■ Assigned task: Would you restate, word for word, only the lines starting at the one with "New Quay Cottage" and ending with the final line of the entries below? Pictures stay out.

■ Material provided:
----------------------------------------

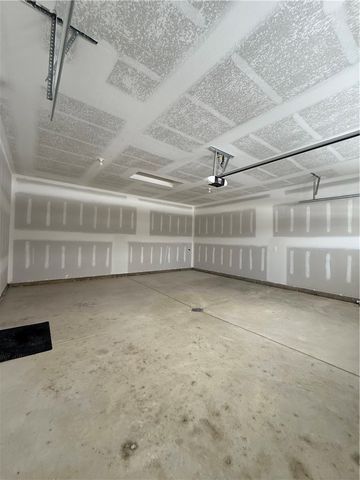 206 Walton Circle, Aliquippa, PA 15001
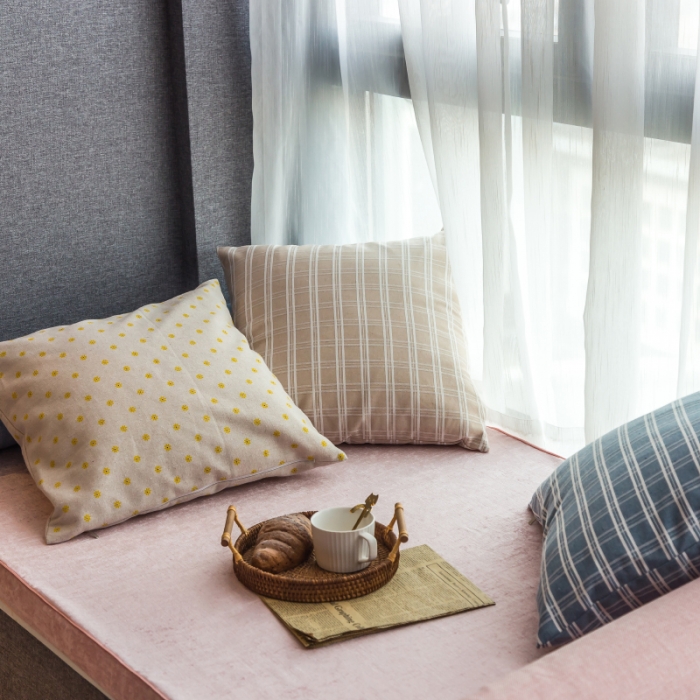 91家纺网 家纺一手货源 找家纺 U品汇 2021新款海绵飘窗垫 雪尼尔肉粉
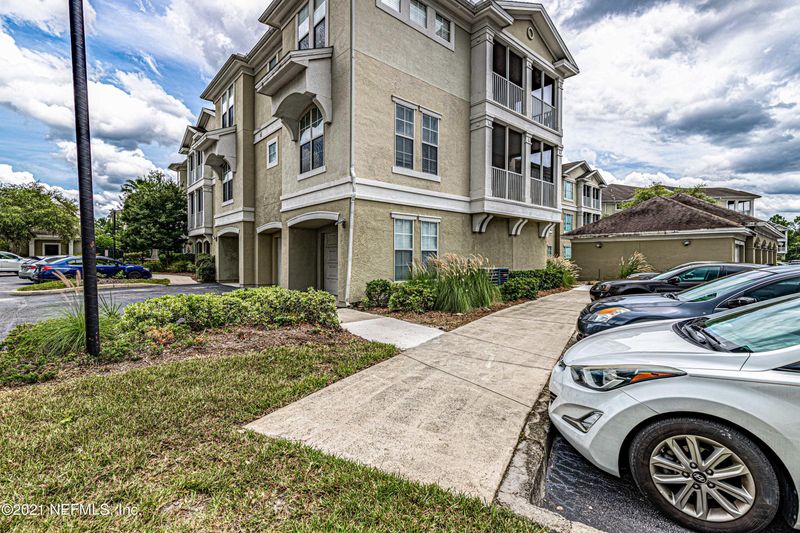 8290 Gate Pw #805, Jacksonville, FL 32216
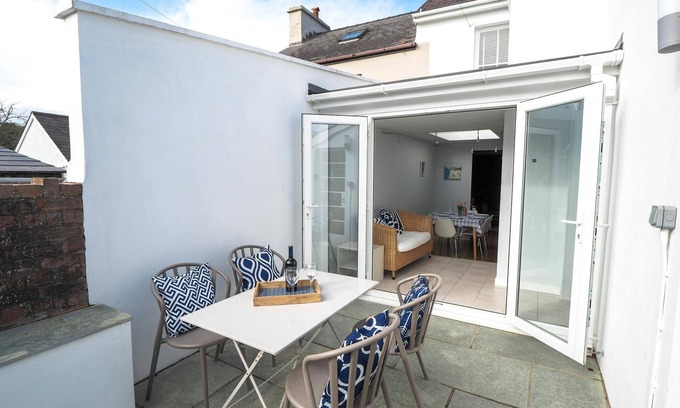 New Quay Cottage | Family-Friendly Brodawel: Three Bedroom Retreat in New Quay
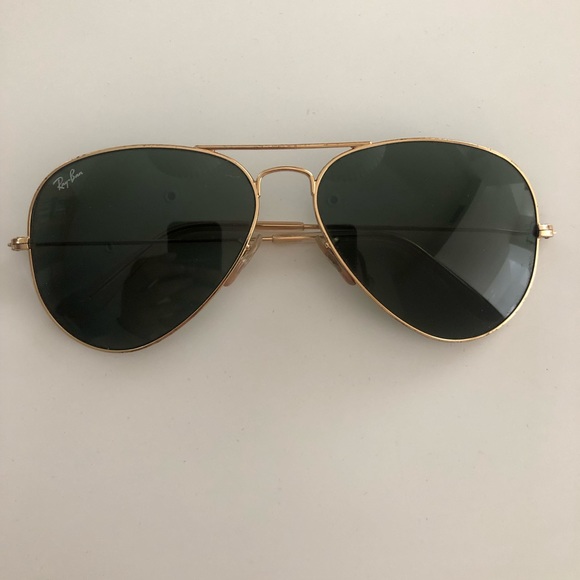 Ray-Ban Classic Aviator Sunglasses - Picture 1 of 7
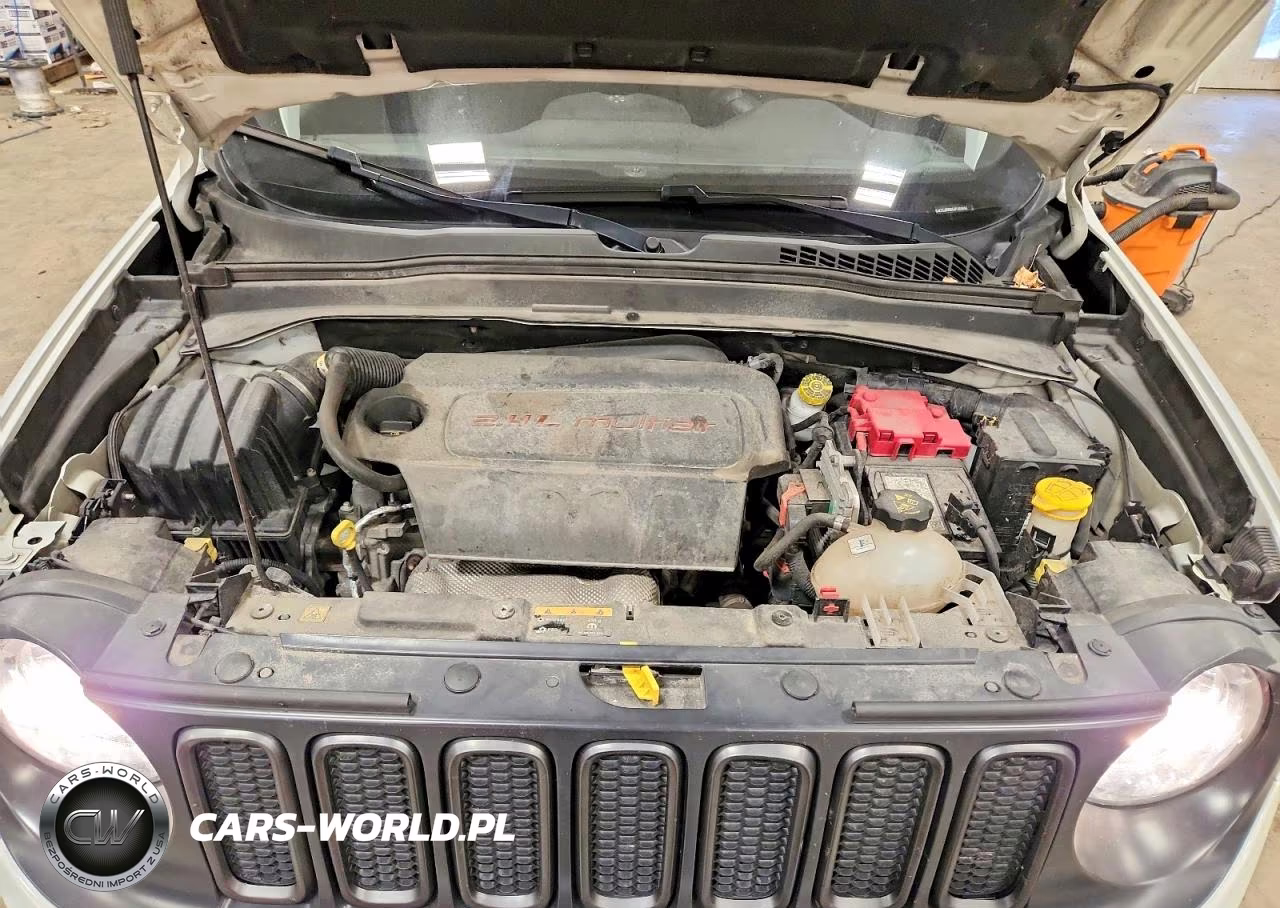 2018 Jeep Renegade Latitude VIN:ZACCJBBB5JPJ33656 - 11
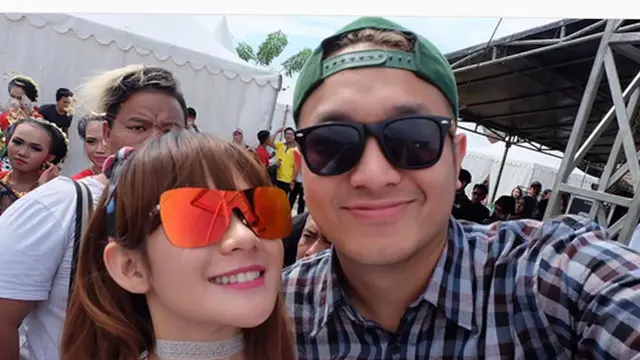 [Bintang] Gilang Dirga dan Adiezty Fersa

----------------------------------------

■ Written reply:
 New Quay Cottage | Family-Friendly Brodawel: Three Bedroom Retreat in New Quay
 Ray-Ban Classic Aviator Sunglasses - Picture 1 of 7
 2018 Jeep Renegade Latitude VIN:ZACCJBBB5JPJ33656 - 11
 [Bintang] Gilang Dirga dan Adiezty Fersa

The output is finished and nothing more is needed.